The danger of developing eating disorders also looms large. Adds Mysko, “Not every person who struggles with poor body image will go on to develop an eating disorder, but poor body image is certainly a major risk factor.” (See sidebar for a rundown of common eating disorders.)
How You Can Help
Cheer professionals can make all the difference for athletes who are struggling. “It’s important for coaches to encourage athletes to live their version of a healthy lifestyle and to stop comparing themselves to others,” says McBride. Find out how McBride and others play an important part in warding off issues at their gyms:
Mark what you say: Words can conjure images, and it’s important to make sure you’re not sending a harmful message. “As coaches, we can help encourage a healthy body image by not using words like ‘thin’ or ‘skinny’ and instead using words like ‘fit’ and ‘healthy,’” says McBride. Sean Powers, director of all-star tumbling for Connecticut-based Spirit Zone, agrees. “The word ‘diet’ just screams bad. I use ‘meal plan’ instead,” he says.
Educate yourself, your teams and staff: At Midwest Cheer Elite, Roesel employs a personal trainer who offers free daily strength & conditioning classes and gives frequent nutrition talks; she also makes a strong effort to educate both her athletes and staff on all facets of body image. At Spirit Zone, Powers and his colleagues “try to promote healthy eating, along with appropriate training programs for all athletes.”
Mysko says this type of education is essential for all cheer professionals in the gym environment. “These are complex issues, and knowledgeable coaches are in a much better position to help [athletes] develop a healthy sense of self and intervene when they see problems,” she says.
Instill best practices: Coaches are not infallible and may be partial to cheerleaders who have a certain body type.
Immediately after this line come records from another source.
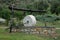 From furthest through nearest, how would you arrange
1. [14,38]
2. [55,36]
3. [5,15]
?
[5,15] → [55,36] → [14,38]

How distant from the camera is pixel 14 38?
12578mm

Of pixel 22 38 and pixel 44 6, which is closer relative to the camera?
pixel 22 38

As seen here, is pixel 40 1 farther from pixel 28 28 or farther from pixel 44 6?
pixel 28 28

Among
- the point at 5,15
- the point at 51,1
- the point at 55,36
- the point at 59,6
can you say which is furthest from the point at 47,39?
the point at 51,1

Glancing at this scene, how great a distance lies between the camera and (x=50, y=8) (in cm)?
3106

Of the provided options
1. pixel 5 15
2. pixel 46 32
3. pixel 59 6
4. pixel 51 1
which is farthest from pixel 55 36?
pixel 51 1

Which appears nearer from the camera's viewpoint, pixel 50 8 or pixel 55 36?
pixel 55 36

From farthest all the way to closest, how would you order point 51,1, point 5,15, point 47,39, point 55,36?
point 51,1
point 5,15
point 55,36
point 47,39

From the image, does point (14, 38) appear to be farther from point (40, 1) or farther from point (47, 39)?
point (40, 1)

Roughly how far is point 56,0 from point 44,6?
70.4 inches

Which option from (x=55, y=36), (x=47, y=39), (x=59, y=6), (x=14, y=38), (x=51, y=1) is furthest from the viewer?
(x=51, y=1)

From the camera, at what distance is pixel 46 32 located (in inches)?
608

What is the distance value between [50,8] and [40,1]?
1.60 metres

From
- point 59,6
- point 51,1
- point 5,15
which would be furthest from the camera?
point 51,1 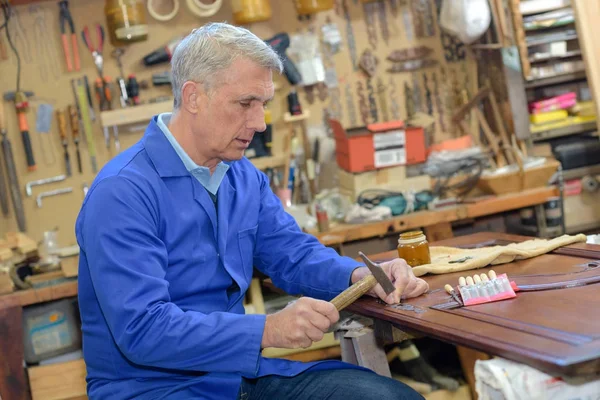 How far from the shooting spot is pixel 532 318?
1.90 metres

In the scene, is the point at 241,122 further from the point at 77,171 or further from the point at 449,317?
the point at 77,171

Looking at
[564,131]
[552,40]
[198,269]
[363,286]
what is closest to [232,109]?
[198,269]

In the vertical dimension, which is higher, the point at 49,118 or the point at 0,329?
the point at 49,118

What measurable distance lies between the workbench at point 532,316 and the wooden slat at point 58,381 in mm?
1985

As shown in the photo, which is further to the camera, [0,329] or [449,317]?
[0,329]

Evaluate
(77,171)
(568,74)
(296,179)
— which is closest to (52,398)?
(77,171)

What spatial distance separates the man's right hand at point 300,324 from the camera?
2141 mm

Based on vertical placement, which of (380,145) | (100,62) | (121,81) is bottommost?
(380,145)

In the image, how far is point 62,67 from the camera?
4.53 meters

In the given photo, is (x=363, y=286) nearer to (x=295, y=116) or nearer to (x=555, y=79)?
(x=295, y=116)

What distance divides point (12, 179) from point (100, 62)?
798 mm

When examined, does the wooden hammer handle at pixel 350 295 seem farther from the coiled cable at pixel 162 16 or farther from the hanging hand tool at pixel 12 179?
the hanging hand tool at pixel 12 179

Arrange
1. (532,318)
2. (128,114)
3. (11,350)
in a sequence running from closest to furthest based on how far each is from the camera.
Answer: (532,318), (11,350), (128,114)

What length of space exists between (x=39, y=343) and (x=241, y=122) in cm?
213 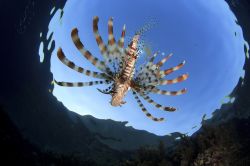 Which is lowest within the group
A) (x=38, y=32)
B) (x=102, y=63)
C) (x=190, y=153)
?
(x=190, y=153)

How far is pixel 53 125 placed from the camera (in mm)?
20141

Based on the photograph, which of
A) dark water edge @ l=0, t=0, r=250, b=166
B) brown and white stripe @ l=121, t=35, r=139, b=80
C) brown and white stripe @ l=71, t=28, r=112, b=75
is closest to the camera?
brown and white stripe @ l=71, t=28, r=112, b=75

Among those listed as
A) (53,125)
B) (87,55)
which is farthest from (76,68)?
(53,125)

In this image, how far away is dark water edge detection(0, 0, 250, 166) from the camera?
40.2 ft

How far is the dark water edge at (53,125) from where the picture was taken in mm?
12245

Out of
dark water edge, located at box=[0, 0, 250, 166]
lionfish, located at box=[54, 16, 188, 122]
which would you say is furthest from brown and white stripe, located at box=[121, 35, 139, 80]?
dark water edge, located at box=[0, 0, 250, 166]

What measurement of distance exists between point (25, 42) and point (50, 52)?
1.71 meters

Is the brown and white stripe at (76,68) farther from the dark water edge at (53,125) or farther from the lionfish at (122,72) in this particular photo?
the dark water edge at (53,125)

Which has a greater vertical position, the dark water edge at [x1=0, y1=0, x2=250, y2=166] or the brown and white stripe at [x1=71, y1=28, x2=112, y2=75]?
the dark water edge at [x1=0, y1=0, x2=250, y2=166]

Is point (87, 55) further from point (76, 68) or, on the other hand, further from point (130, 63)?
point (130, 63)

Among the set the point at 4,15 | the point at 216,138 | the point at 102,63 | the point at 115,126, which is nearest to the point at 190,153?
the point at 216,138

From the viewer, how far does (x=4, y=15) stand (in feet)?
48.7

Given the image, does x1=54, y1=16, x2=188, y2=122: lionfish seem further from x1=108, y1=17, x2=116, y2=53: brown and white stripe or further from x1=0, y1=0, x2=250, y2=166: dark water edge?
x1=0, y1=0, x2=250, y2=166: dark water edge

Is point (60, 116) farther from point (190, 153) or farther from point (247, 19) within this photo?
point (247, 19) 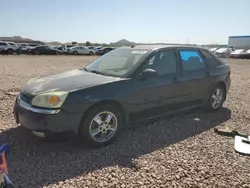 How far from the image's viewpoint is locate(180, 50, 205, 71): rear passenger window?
16.9 ft

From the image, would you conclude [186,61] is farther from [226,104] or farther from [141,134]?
[226,104]

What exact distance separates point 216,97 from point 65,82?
11.9ft

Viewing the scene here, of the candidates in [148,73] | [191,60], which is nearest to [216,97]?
[191,60]

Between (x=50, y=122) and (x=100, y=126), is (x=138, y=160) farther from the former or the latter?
(x=50, y=122)

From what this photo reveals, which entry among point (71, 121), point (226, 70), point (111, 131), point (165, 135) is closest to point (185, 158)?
point (165, 135)

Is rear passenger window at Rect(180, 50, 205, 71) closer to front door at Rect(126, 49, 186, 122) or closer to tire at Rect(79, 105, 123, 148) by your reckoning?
front door at Rect(126, 49, 186, 122)

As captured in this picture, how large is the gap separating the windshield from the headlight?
108 cm

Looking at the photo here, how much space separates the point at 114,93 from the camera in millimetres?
3920

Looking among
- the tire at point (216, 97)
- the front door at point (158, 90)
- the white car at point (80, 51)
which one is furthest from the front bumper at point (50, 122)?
the white car at point (80, 51)

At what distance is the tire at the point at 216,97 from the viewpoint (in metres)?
5.76

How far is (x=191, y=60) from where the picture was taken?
534 centimetres

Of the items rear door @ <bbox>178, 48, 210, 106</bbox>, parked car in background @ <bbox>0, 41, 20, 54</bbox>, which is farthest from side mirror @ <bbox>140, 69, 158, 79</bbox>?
parked car in background @ <bbox>0, 41, 20, 54</bbox>

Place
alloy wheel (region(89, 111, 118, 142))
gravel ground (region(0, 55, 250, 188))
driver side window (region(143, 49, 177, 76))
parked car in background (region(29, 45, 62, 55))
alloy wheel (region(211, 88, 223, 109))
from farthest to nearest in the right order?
parked car in background (region(29, 45, 62, 55)) → alloy wheel (region(211, 88, 223, 109)) → driver side window (region(143, 49, 177, 76)) → alloy wheel (region(89, 111, 118, 142)) → gravel ground (region(0, 55, 250, 188))

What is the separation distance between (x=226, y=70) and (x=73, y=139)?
13.2ft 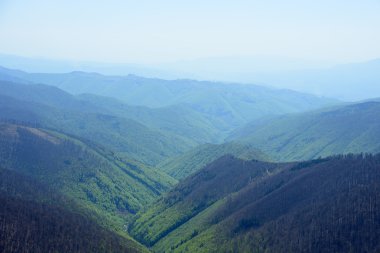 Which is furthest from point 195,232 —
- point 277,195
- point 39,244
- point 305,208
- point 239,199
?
point 39,244

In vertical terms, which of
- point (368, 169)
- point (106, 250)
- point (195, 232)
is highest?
point (368, 169)

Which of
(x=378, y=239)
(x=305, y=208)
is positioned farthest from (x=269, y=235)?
(x=378, y=239)

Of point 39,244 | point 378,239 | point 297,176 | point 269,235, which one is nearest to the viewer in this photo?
point 378,239

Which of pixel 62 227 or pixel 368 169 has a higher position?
pixel 368 169

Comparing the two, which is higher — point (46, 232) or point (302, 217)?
point (302, 217)

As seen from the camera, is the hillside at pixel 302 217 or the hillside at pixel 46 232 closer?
the hillside at pixel 46 232

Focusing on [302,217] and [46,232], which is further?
[302,217]

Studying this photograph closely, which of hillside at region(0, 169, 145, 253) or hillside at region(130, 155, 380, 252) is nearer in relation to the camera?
hillside at region(0, 169, 145, 253)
However, it’s important to be conscious of presenting information in the right way. “Focus on cheerleaders’ abilities rather than weight and appearance when assigning positions because they do notice who gets chosen,” advises Sonya SooHoo, who conducted a study on body image among adolescent cheerleaders at the University of Utah.
Uniforms are another area where coaches can set a positive example. Roesel gives athletes and parents the option of choosing long shells or midriffs, which she says helps set their minds at ease and step out more confidently on the mat. “Allow cheerleaders to choose uniforms that don’t make them feel uncomfortable or self-conscious,” says SooHoo.
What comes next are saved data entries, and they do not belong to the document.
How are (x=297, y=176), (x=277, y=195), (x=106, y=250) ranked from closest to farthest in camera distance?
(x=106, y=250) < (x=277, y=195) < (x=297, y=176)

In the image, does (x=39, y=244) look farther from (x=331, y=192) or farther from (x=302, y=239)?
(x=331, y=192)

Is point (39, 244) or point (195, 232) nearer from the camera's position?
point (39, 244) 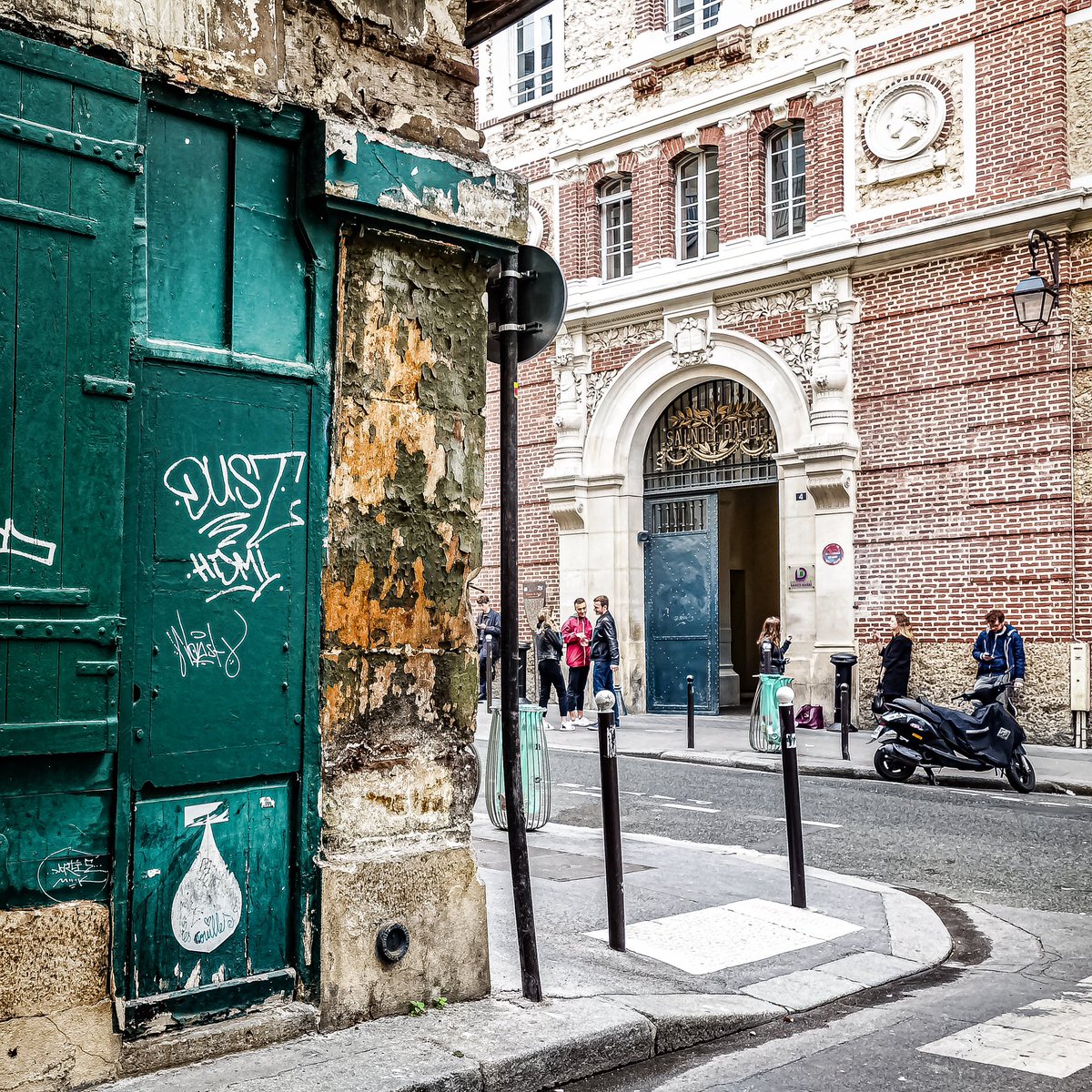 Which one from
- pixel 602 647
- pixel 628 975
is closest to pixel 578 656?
pixel 602 647

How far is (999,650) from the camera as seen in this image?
1429 cm

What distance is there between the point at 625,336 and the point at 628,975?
49.8ft

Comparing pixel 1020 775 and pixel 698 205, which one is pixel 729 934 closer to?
pixel 1020 775

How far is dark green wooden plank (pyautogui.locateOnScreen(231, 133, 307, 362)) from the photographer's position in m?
4.18

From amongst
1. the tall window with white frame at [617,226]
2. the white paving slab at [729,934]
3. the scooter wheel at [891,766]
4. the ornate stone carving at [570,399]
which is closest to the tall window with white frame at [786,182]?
the tall window with white frame at [617,226]

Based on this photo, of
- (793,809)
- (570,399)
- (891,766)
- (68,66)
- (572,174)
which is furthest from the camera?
(572,174)

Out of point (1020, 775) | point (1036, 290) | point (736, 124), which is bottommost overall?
point (1020, 775)

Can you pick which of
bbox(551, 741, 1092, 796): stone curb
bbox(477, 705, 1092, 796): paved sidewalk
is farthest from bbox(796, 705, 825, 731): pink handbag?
bbox(551, 741, 1092, 796): stone curb

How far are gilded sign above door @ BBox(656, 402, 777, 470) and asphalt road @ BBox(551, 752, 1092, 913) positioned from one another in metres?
6.59

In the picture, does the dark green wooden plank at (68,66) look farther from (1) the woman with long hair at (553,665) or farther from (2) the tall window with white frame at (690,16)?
(2) the tall window with white frame at (690,16)

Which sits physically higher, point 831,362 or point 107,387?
point 831,362

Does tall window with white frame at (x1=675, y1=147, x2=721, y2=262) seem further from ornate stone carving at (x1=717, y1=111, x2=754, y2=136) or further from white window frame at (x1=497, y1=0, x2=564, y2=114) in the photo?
white window frame at (x1=497, y1=0, x2=564, y2=114)

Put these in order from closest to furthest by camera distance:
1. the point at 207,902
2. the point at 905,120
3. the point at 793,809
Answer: the point at 207,902, the point at 793,809, the point at 905,120

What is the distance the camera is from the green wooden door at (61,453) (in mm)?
3568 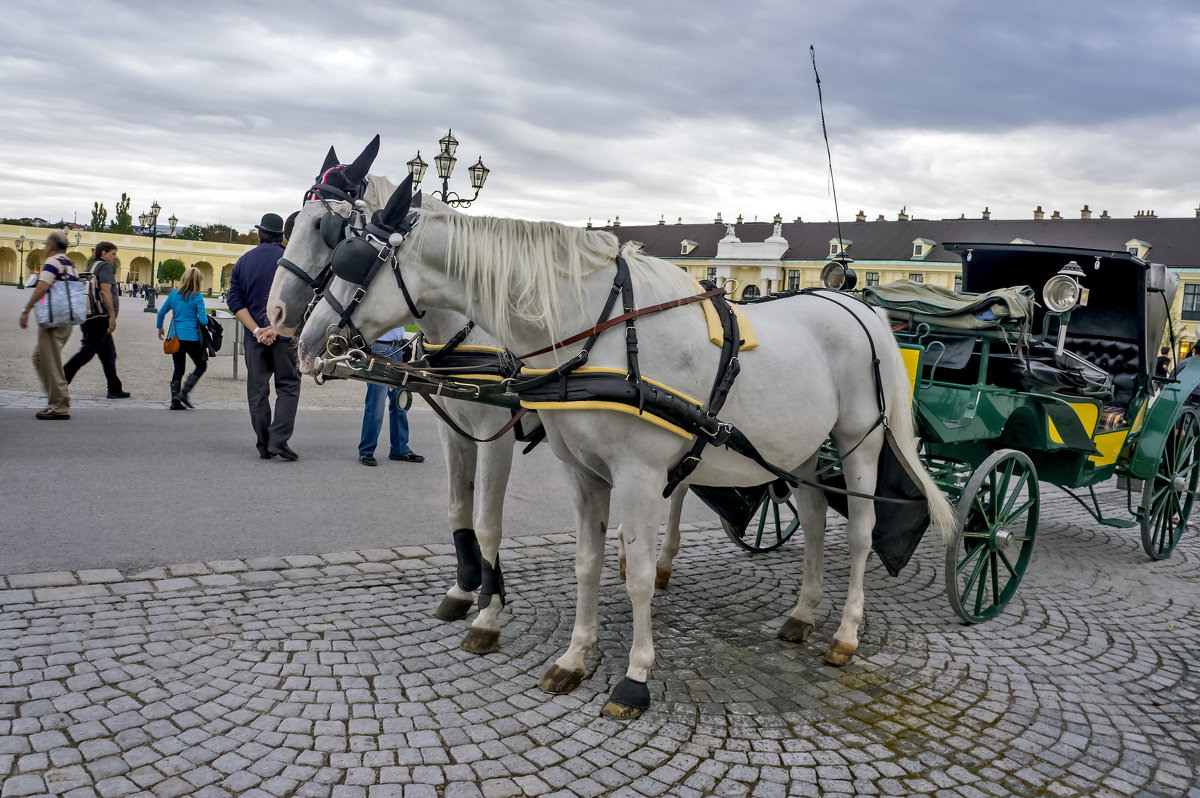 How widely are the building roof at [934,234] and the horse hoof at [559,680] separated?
42.2 meters

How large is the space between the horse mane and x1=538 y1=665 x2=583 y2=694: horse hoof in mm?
1427

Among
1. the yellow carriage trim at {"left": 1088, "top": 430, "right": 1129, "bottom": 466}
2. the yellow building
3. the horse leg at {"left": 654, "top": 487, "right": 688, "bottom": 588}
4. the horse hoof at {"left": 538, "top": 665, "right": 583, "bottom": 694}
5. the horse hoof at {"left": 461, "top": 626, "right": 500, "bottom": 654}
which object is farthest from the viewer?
the yellow building

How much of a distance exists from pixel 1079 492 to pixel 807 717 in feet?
25.4

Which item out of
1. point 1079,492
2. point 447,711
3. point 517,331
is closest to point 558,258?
point 517,331

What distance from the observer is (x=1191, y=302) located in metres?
55.3

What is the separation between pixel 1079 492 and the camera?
9.72m

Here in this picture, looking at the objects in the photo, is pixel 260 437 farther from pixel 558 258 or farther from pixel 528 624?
pixel 558 258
Communication is key: Coaches need to convey the message that healthy eating and nutrition are important, and Mysko adds coaches should reach out to the cheerleaders who are likely candidates for body image issues. “A coach can help get her on a healthy path or he/she can reinforce the negative thoughts in that cheerleader’s head,” she says.
Although certain facets of cheerleading do hold high risk for bringing out negative body image, the sport can also be a great platform for instilling positive eating habits, confidence and well-being in athletes. McBride views her role as a way to help develop these essential life skills and encourages other cheer professionals to do the same: “We have the opportunity to create positive role models and teach youngsters to be themselves.”